EXERCISE INPUTS.

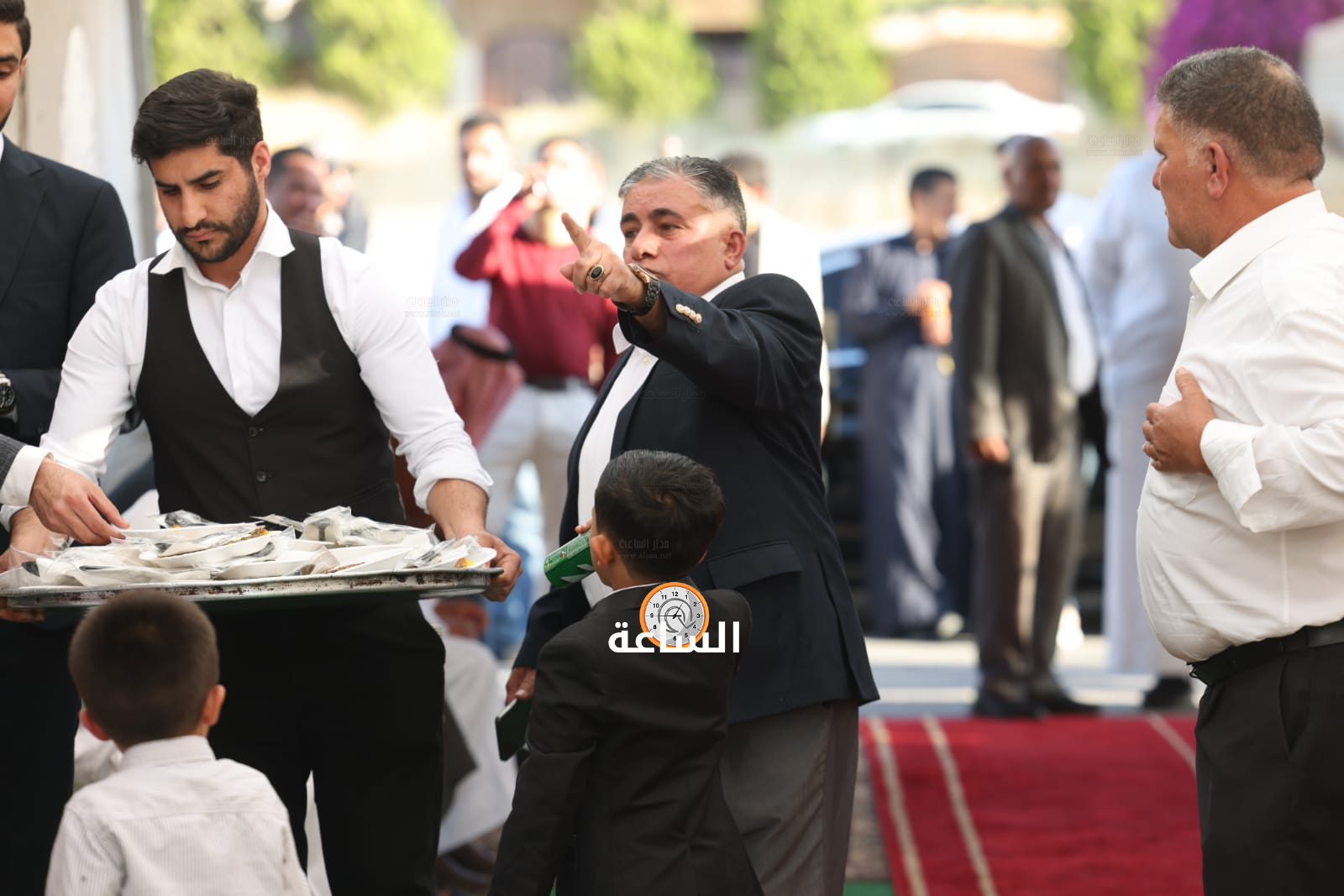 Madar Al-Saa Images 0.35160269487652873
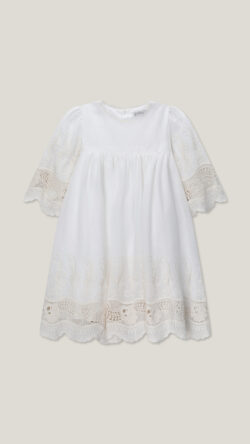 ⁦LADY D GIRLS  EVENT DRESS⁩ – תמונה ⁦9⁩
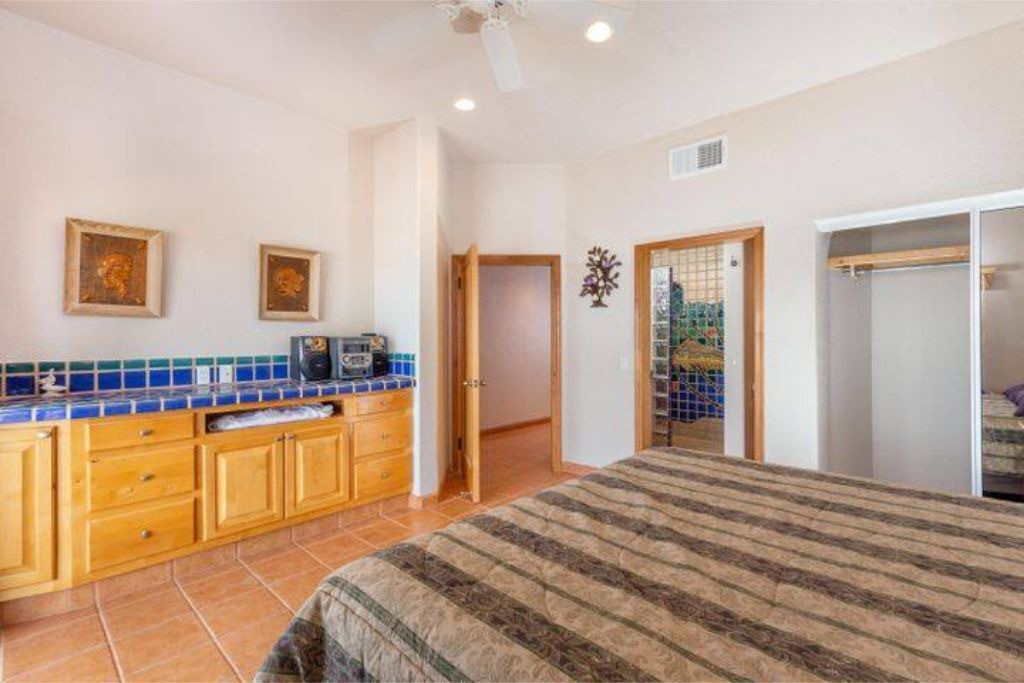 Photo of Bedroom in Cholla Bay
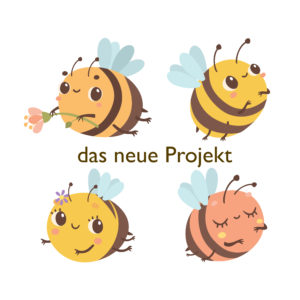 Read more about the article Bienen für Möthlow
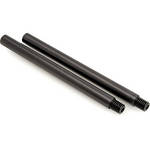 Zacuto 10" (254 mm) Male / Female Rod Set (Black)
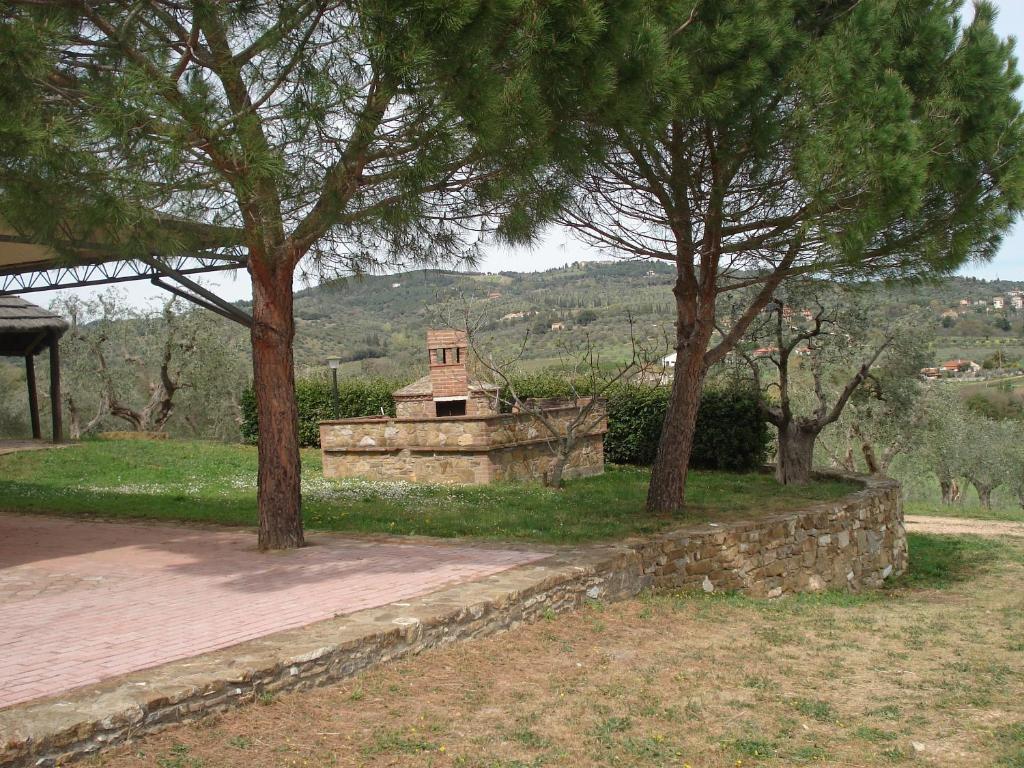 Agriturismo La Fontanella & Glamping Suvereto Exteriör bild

TASK TO CARRY OUT. Copy out the data above to the letter, and keep every picture out of it.

SOLUTION TO THIS PROBLEM.
 Madar Al-Saa Images 0.35160269487652873
 ⁦LADY D GIRLS  EVENT DRESS⁩ – תמונה ⁦9⁩
 Photo of Bedroom in Cholla Bay
 Read more about the article Bienen für Möthlow
 Zacuto 10" (254 mm) Male / Female Rod Set (Black)
 Agriturismo La Fontanella & Glamping Suvereto Exteriör bild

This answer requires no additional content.